God answers before God's people ask a question, declaring:

"With a loud voice, with a full throat, like a trumpet disputing the silence, relate to my people that I see their rebellion.

Yet, they seek me daily. They beguile me with their mouth. They pretend to want to know my ways. They ask for instruction as if they intend to fulfill them. They constantly ask for rules of righteousness, as if they intend to satisfy them.

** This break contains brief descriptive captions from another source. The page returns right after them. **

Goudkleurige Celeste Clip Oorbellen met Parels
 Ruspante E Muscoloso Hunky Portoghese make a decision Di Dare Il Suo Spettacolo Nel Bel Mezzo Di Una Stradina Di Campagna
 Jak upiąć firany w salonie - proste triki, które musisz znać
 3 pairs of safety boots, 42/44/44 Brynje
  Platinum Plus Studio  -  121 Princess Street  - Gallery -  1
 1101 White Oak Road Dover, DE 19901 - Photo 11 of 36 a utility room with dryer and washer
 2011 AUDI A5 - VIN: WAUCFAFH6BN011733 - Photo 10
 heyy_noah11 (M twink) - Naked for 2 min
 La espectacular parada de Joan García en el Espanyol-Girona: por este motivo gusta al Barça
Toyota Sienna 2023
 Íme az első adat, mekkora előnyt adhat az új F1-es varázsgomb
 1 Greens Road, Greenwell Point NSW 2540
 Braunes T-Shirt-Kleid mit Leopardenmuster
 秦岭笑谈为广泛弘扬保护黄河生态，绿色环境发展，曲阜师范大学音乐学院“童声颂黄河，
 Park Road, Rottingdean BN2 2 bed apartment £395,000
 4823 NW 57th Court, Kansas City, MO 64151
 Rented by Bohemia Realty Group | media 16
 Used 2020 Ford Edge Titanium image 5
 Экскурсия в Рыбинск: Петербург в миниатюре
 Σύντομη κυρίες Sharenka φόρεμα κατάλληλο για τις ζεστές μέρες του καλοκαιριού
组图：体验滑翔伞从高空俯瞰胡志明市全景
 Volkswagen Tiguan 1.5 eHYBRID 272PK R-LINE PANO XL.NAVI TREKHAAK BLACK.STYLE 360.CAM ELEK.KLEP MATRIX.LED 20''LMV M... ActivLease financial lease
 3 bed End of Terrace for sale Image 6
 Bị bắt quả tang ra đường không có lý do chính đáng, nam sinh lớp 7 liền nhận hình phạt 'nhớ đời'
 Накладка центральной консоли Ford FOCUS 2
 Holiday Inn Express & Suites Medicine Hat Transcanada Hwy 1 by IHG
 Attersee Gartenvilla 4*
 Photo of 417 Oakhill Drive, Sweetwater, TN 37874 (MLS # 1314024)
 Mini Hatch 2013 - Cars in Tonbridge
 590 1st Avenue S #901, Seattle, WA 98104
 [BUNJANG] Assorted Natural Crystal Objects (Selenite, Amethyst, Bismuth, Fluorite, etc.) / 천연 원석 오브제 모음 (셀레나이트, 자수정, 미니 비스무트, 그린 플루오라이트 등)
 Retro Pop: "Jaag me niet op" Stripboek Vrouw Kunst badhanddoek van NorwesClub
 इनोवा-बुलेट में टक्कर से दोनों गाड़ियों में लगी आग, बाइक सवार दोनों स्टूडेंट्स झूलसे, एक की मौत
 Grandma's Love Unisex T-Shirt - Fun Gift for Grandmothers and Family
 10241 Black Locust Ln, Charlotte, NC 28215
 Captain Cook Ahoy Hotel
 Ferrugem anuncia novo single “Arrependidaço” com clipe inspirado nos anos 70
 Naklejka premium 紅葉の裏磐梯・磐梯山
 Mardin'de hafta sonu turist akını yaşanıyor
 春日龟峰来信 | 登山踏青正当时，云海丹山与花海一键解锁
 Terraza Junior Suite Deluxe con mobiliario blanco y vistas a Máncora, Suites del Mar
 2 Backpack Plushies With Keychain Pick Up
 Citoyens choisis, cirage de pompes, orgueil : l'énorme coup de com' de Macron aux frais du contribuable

And when I do not answer their fast with a belly full of good things, with a loud voice, with a full throat, lake a trumpet in my ear, they shout,

'Why do we fast if you do not see? Why do we humble ourselves when you do not notice? We have afflicted our soul, and you do not know.'

But I say, look here, on the day of your fast all you do is chase business, all the affairs of your necessities you toil to pursue, even with robbery and violence you rush to prosper yourself. With a wicked fist you strike your debtors exacting payment from them on the day of your fast.

This kind of fast will not carry your voice to me. Breaking your heart, afflicting your soul, spreading out sackcloth and ashes. Do you call this a fast, an acceptable day to your God?


Is not this the fast I choose for you?

Loosen the bonds of wickedness and unbind the ties of captivity,
then ask why there are prisoners in our world.
Eliminate all perversions of justice,
then ask why injustice reigns in our social relationships.
Share you bread with the hungry,
then ask why there are hungry people in our world.
Bring the homeless poor to you home,
then ask why there are poor people in our community.
When you see someone naked cover them,
then ask why there are overly exposed and vulnerable people in our community, and remember that you too are vulnerable, so do not hide
your vulnerability from your community.

Then your light shall break through,
like the ray of dawn that breaks through the clouds.
Then your healing shall quickly sprout,
for I will bring up healing for you.
Then the glory of God will surround you,
and I will have your back.
Then you will call,
and I will answer.

If the fast of our community is unacceptable, what should we do? A famous quote from Dom Helder Camara, Archbishop of São Paulo, comes to mind: "When I fed the poor, they called me a saint. When I asked why are the poor hungry, they called me a communist."

Sometimes we like to reinterpret God's command that we love one another, serve one another, forgive one another, work to eliminate all perversions of justice, and hold one another accountable to God's fast because it is just too hard, too risky.

Yet, this is the fast I hear that God wants for us:

Make the world a better place for all of us.